巻頭言「聖なる者となれ ~欠けある私のままで~」加藤誠

 エジプトを脱出したイスラエルの民が約束の地に入るのになぜ「四十年の荒れ野の旅」を要したのか。聖書によれば、最初の世代はその不信仰の故に神の怒りを買い、死ななければならなかったからです。つまり、イスラエルの民は「新たに生まれ変わること」を求められたのでした。

 その結果「四十年の荒れ野の旅」で彼らは不信仰を克服し「新生」することができたのでしょうか。残念ながら、彼らは相変わらず不信仰のまま、たくさんの欠けを抱えたままでした。では「四十年の旅」は無意味だったのでしょうか。いいえ、彼らは大切なことを「三つ」学んだのです。

 一 自分たちは自らの不信仰を克服しえない、弱く小さき者であること。

二 にもかかわらず、神は深い愛と忍耐をもって共に歩んでくださること。

三 神の深い慈しみにつなげられて初めて自分たちは幸いを生きられること。

 ルワンダで活動している佐々木恵さんは最新の報告で、欠けある私たちが神の深い慈しみにつなげられ生きる祝福と希望について、こう記しています。
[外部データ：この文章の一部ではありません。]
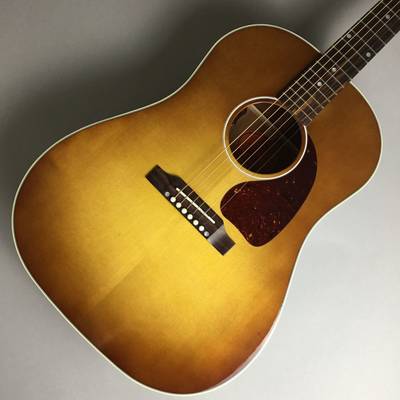 Gibson  J-45 Standard Red Spruce ギブソン 【 アクアウォーク大垣店 】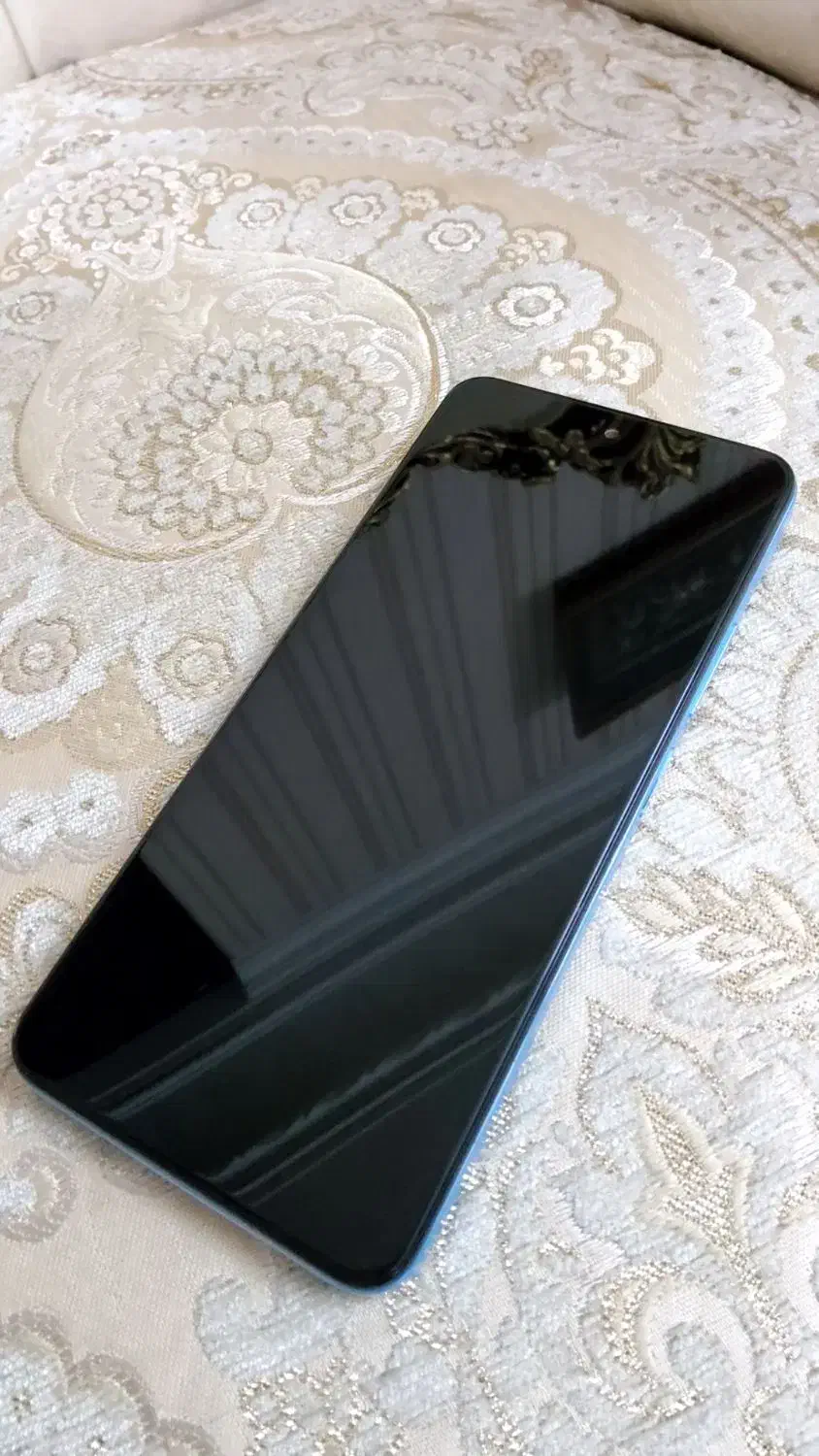 شیامی نوت 12|موبایل|تکاب, |دیوار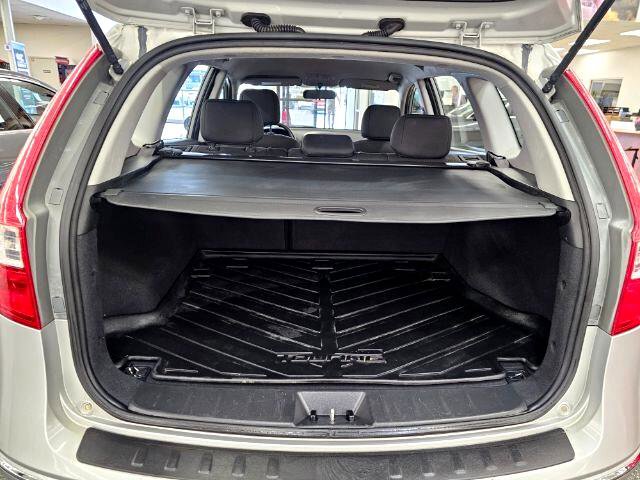 Used 2012 Hyundai Elantra w/ Preferred Pkg image 39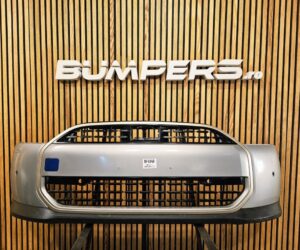 Bara fata Mini Cooper F67 F66 F65 2025 5A2F6E6 5A2F6E8 BF4340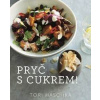 Pryč s cukrem! - Tori Haschka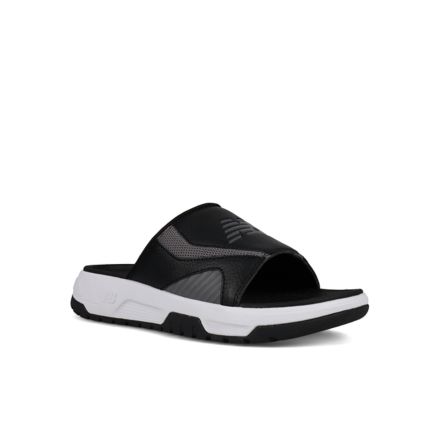 200v3, 粉紅鹽 with NB 103 白, Y2009XI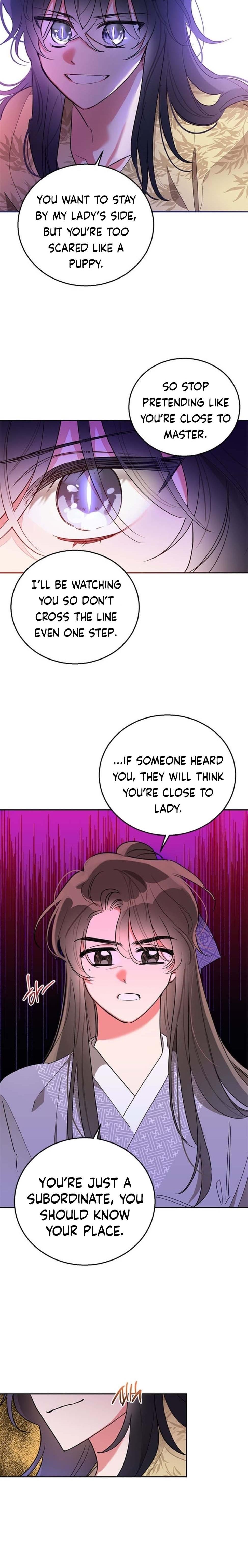 Page 9 of Chapter 45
「私は常々、ウムチョ・ニャンザの女性たちの言葉には力があると感じてきました。彼女たちが『断絶』ではなく『和解』を、『憎しみ』ではなく『愛』を選び取ってきたその生きざまに『神さまによる愛の力そして希望』を見るからです。そしてその言葉が、聴く人の心に新たな『希望』を与えうると思えるからです。…この女性たちが決して聖人というわけではなく、私と同じような欠けのある存在でありながら、希望の光を指し示し続けてくれていることに、神様から与えられている祝福を感じています。私も欠けのある存在のままで主が用いてくださるということを信じることができるからです。」(ウブムエ62号)。